=== Exercise data ===
────────────────────

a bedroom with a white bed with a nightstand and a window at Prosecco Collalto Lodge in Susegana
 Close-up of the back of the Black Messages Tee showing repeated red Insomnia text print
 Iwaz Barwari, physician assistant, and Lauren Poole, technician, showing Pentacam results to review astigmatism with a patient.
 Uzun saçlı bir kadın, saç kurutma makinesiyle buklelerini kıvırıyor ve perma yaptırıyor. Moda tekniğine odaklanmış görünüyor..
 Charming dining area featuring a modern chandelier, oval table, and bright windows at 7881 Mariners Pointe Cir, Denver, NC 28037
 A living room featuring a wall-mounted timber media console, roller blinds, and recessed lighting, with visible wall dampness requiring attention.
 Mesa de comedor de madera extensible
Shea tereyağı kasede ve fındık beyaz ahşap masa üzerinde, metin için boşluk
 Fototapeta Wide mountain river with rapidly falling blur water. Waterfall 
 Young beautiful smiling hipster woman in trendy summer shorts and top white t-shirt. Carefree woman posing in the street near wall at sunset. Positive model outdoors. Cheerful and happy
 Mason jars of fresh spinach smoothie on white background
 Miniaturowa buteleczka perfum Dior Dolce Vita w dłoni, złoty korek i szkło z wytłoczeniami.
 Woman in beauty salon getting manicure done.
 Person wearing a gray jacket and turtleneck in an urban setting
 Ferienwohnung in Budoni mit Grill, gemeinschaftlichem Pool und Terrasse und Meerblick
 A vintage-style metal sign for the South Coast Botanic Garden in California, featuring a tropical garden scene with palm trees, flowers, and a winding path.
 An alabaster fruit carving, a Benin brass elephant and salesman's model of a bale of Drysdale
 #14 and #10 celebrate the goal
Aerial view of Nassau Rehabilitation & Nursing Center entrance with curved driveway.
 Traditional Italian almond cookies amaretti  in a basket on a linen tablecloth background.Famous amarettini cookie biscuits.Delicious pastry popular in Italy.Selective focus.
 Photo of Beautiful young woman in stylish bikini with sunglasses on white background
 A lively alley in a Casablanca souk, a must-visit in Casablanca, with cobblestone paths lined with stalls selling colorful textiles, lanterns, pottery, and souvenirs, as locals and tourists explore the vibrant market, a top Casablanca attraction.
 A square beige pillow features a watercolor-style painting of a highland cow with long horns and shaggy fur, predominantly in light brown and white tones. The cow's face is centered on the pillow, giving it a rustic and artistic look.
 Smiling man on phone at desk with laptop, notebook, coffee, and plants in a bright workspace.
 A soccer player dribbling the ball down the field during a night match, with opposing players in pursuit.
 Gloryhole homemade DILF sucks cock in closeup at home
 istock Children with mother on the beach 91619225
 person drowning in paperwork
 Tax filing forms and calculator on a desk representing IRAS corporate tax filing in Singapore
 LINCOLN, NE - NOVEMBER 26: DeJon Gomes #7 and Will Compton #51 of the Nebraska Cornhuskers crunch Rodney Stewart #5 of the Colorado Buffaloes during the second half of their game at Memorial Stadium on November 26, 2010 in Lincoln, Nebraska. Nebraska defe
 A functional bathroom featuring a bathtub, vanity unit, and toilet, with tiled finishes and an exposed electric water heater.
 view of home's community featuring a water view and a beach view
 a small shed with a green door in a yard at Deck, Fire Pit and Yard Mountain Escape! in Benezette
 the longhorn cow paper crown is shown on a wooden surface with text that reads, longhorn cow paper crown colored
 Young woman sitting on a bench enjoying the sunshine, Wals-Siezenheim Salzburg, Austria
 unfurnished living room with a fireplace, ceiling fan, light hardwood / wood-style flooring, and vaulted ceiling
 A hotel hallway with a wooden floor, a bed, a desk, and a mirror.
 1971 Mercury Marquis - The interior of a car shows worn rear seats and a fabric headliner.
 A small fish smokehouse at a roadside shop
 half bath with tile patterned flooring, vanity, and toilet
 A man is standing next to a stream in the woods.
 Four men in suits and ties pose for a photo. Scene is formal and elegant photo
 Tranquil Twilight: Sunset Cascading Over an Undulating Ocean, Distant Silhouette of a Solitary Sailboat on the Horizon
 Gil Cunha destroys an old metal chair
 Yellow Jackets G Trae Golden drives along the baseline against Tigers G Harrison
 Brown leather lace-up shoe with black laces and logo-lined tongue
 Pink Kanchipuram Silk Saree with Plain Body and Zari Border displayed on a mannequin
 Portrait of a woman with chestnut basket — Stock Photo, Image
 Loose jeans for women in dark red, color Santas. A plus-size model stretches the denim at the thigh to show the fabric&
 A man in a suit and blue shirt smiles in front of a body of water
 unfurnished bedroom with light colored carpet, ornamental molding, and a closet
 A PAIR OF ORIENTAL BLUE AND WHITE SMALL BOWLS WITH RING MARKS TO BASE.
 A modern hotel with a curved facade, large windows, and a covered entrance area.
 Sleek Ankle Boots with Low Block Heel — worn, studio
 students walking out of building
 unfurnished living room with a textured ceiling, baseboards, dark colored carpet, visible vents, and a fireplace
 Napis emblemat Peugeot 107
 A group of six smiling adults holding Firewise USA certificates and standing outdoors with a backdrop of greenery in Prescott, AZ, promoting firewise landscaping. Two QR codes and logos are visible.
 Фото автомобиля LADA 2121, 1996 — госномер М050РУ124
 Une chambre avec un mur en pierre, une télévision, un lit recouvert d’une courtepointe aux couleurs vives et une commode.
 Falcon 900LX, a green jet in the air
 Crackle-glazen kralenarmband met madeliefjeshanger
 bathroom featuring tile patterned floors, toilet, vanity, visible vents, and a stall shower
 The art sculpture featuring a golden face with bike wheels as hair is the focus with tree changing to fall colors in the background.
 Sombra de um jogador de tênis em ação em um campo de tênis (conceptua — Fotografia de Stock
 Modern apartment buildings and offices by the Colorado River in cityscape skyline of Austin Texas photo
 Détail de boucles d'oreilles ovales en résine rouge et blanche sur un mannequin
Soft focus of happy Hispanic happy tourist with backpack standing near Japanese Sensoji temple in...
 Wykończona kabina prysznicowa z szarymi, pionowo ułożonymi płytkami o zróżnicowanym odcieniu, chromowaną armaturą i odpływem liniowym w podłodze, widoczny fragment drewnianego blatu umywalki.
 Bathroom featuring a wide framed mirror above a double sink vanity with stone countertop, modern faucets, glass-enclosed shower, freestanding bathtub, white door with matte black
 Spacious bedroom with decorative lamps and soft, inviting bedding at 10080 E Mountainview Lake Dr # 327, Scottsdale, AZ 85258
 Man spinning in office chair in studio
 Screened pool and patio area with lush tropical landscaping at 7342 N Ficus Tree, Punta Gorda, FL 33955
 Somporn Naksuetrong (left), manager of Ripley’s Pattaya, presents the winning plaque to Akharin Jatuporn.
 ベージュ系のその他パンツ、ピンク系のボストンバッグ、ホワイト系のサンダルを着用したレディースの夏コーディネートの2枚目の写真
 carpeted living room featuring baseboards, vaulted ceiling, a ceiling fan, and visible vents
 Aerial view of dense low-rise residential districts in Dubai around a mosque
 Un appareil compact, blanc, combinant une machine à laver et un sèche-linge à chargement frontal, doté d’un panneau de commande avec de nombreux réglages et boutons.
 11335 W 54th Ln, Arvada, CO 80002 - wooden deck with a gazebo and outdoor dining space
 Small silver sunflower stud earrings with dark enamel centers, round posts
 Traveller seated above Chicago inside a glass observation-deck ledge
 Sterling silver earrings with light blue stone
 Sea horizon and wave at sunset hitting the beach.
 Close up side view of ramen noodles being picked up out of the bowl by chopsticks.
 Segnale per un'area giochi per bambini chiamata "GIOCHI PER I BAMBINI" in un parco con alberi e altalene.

────────────────────

=== Problem ===
What you return must match the data word for word.

=== Expected answer ===
a bedroom with a white bed with a nightstand and a window at Prosecco Collalto Lodge in Susegana
 Close-up of the back of the Black Messages Tee showing repeated red Insomnia text print
 Iwaz Barwari, physician assistant, and Lauren Poole, technician, showing Pentacam results to review astigmatism with a patient.
 Uzun saçlı bir kadın, saç kurutma makinesiyle buklelerini kıvırıyor ve perma yaptırıyor. Moda tekniğine odaklanmış görünüyor..
 Charming dining area featuring a modern chandelier, oval table, and bright windows at 7881 Mariners Pointe Cir, Denver, NC 28037
 A living room featuring a wall-mounted timber media console, roller blinds, and recessed lighting, with visible wall dampness requiring attention.
 Mesa de comedor de madera extensible
Shea tereyağı kasede ve fındık beyaz ahşap masa üzerinde, metin için boşluk
 Fototapeta Wide mountain river with rapidly falling blur water. Waterfall 
 Young beautiful smiling hipster woman in trendy summer shorts and top white t-shirt. Carefree woman posing in the street near wall at sunset. Positive model outdoors. Cheerful and happy
 Mason jars of fresh spinach smoothie on white background
 Miniaturowa buteleczka perfum Dior Dolce Vita w dłoni, złoty korek i szkło z wytłoczeniami.
 Woman in beauty salon getting manicure done.
 Person wearing a gray jacket and turtleneck in an urban setting
 Ferienwohnung in Budoni mit Grill, gemeinschaftlichem Pool und Terrasse und Meerblick
 A vintage-style metal sign for the South Coast Botanic Garden in California, featuring a tropical garden scene with palm trees, flowers, and a winding path.
 An alabaster fruit carving, a Benin brass elephant and salesman's model of a bale of Drysdale
 #14 and #10 celebrate the goal
Aerial view of Nassau Rehabilitation & Nursing Center entrance with curved driveway.
 Traditional Italian almond cookies amaretti  in a basket on a linen tablecloth background.Famous amarettini cookie biscuits.Delicious pastry popular in Italy.Selective focus.
 Photo of Beautiful young woman in stylish bikini with sunglasses on white background
 A lively alley in a Casablanca souk, a must-visit in Casablanca, with cobblestone paths lined with stalls selling colorful textiles, lanterns, pottery, and souvenirs, as locals and tourists explore the vibrant market, a top Casablanca attraction.
 A square beige pillow features a watercolor-style painting of a highland cow with long horns and shaggy fur, predominantly in light brown and white tones. The cow's face is centered on the pillow, giving it a rustic and artistic look.
 Smiling man on phone at desk with laptop, notebook, coffee, and plants in a bright workspace.
 A soccer player dribbling the ball down the field during a night match, with opposing players in pursuit.
 Gloryhole homemade DILF sucks cock in closeup at home
 istock Children with mother on the beach 91619225
 person drowning in paperwork
 Tax filing forms and calculator on a desk representing IRAS corporate tax filing in Singapore
 LINCOLN, NE - NOVEMBER 26: DeJon Gomes #7 and Will Compton #51 of the Nebraska Cornhuskers crunch Rodney Stewart #5 of the Colorado Buffaloes during the second half of their game at Memorial Stadium on November 26, 2010 in Lincoln, Nebraska. Nebraska defe
 A functional bathroom featuring a bathtub, vanity unit, and toilet, with tiled finishes and an exposed electric water heater.
 view of home's community featuring a water view and a beach view
 a small shed with a green door in a yard at Deck, Fire Pit and Yard Mountain Escape! in Benezette
 the longhorn cow paper crown is shown on a wooden surface with text that reads, longhorn cow paper crown colored
 Young woman sitting on a bench enjoying the sunshine, Wals-Siezenheim Salzburg, Austria
 unfurnished living room with a fireplace, ceiling fan, light hardwood / wood-style flooring, and vaulted ceiling
 A hotel hallway with a wooden floor, a bed, a desk, and a mirror.
 1971 Mercury Marquis - The interior of a car shows worn rear seats and a fabric headliner.
 A small fish smokehouse at a roadside shop
 half bath with tile patterned flooring, vanity, and toilet
 A man is standing next to a stream in the woods.
 Four men in suits and ties pose for a photo. Scene is formal and elegant photo
 Tranquil Twilight: Sunset Cascading Over an Undulating Ocean, Distant Silhouette of a Solitary Sailboat on the Horizon
 Gil Cunha destroys an old metal chair
 Yellow Jackets G Trae Golden drives along the baseline against Tigers G Harrison
 Brown leather lace-up shoe with black laces and logo-lined tongue
 Pink Kanchipuram Silk Saree with Plain Body and Zari Border displayed on a mannequin
 Portrait of a woman with chestnut basket — Stock Photo, Image
 Loose jeans for women in dark red, color Santas. A plus-size model stretches the denim at the thigh to show the fabric&
 A man in a suit and blue shirt smiles in front of a body of water
 unfurnished bedroom with light colored carpet, ornamental molding, and a closet
 A PAIR OF ORIENTAL BLUE AND WHITE SMALL BOWLS WITH RING MARKS TO BASE.
 A modern hotel with a curved facade, large windows, and a covered entrance area.
 Sleek Ankle Boots with Low Block Heel — worn, studio
 students walking out of building
 unfurnished living room with a textured ceiling, baseboards, dark colored carpet, visible vents, and a fireplace
 Napis emblemat Peugeot 107
 A group of six smiling adults holding Firewise USA certificates and standing outdoors with a backdrop of greenery in Prescott, AZ, promoting firewise landscaping. Two QR codes and logos are visible.
 Фото автомобиля LADA 2121, 1996 — госномер М050РУ124
 Une chambre avec un mur en pierre, une télévision, un lit recouvert d’une courtepointe aux couleurs vives et une commode.
 Falcon 900LX, a green jet in the air
 Crackle-glazen kralenarmband met madeliefjeshanger
 bathroom featuring tile patterned floors, toilet, vanity, visible vents, and a stall shower
 The art sculpture featuring a golden face with bike wheels as hair is the focus with tree changing to fall colors in the background.
 Sombra de um jogador de tênis em ação em um campo de tênis (conceptua — Fotografia de Stock
 Modern apartment buildings and offices by the Colorado River in cityscape skyline of Austin Texas photo
 Détail de boucles d'oreilles ovales en résine rouge et blanche sur un mannequin
Soft focus of happy Hispanic happy tourist with backpack standing near Japanese Sensoji temple in...
 Wykończona kabina prysznicowa z szarymi, pionowo ułożonymi płytkami o zróżnicowanym odcieniu, chromowaną armaturą i odpływem liniowym w podłodze, widoczny fragment drewnianego blatu umywalki.
 Bathroom featuring a wide framed mirror above a double sink vanity with stone countertop, modern faucets, glass-enclosed shower, freestanding bathtub, white door with matte black
 Spacious bedroom with decorative lamps and soft, inviting bedding at 10080 E Mountainview Lake Dr # 327, Scottsdale, AZ 85258
 Man spinning in office chair in studio
 Screened pool and patio area with lush tropical landscaping at 7342 N Ficus Tree, Punta Gorda, FL 33955
 Somporn Naksuetrong (left), manager of Ripley’s Pattaya, presents the winning plaque to Akharin Jatuporn.
 ベージュ系のその他パンツ、ピンク系のボストンバッグ、ホワイト系のサンダルを着用したレディースの夏コーディネートの2枚目の写真
 carpeted living room featuring baseboards, vaulted ceiling, a ceiling fan, and visible vents
 Aerial view of dense low-rise residential districts in Dubai around a mosque
 Un appareil compact, blanc, combinant une machine à laver et un sèche-linge à chargement frontal, doté d’un panneau de commande avec de nombreux réglages et boutons.
 11335 W 54th Ln, Arvada, CO 80002 - wooden deck with a gazebo and outdoor dining space
 Small silver sunflower stud earrings with dark enamel centers, round posts
 Traveller seated above Chicago inside a glass observation-deck ledge
 Sterling silver earrings with light blue stone
 Sea horizon and wave at sunset hitting the beach.
 Close up side view of ramen noodles being picked up out of the bowl by chopsticks.
 Segnale per un'area giochi per bambini chiamata "GIOCHI PER I BAMBINI" in un parco con alberi e altalene.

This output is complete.